# [Task instructions]
From the data below, return all lines holding the string "Denim".

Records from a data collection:
....

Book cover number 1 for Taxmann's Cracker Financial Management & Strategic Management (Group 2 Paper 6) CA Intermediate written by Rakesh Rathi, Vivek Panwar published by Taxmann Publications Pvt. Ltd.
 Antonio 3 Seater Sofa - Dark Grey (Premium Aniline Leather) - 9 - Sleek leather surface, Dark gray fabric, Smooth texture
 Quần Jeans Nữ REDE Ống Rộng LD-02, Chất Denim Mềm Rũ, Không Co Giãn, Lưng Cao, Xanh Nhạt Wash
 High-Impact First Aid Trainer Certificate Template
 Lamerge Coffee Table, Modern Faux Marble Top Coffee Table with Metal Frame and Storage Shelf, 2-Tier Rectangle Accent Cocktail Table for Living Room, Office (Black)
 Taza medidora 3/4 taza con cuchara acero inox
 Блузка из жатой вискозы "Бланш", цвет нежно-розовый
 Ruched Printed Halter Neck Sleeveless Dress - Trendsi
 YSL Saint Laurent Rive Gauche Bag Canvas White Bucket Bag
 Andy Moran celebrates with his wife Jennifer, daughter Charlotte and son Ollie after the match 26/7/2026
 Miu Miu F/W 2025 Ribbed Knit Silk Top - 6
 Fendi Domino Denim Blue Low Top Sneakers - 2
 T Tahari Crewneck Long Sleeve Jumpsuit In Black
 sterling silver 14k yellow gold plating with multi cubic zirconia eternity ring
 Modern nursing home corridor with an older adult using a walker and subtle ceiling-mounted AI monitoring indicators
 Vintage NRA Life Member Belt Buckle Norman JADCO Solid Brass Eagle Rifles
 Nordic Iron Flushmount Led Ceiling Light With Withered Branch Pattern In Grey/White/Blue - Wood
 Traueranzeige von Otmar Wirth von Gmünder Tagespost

....

# [Exercise solution]
 Quần Jeans Nữ REDE Ống Rộng LD-02, Chất Denim Mềm Rũ, Không Co Giãn, Lưng Cao, Xanh Nhạt Wash
 Fendi Domino Denim Blue Low Top Sneakers - 2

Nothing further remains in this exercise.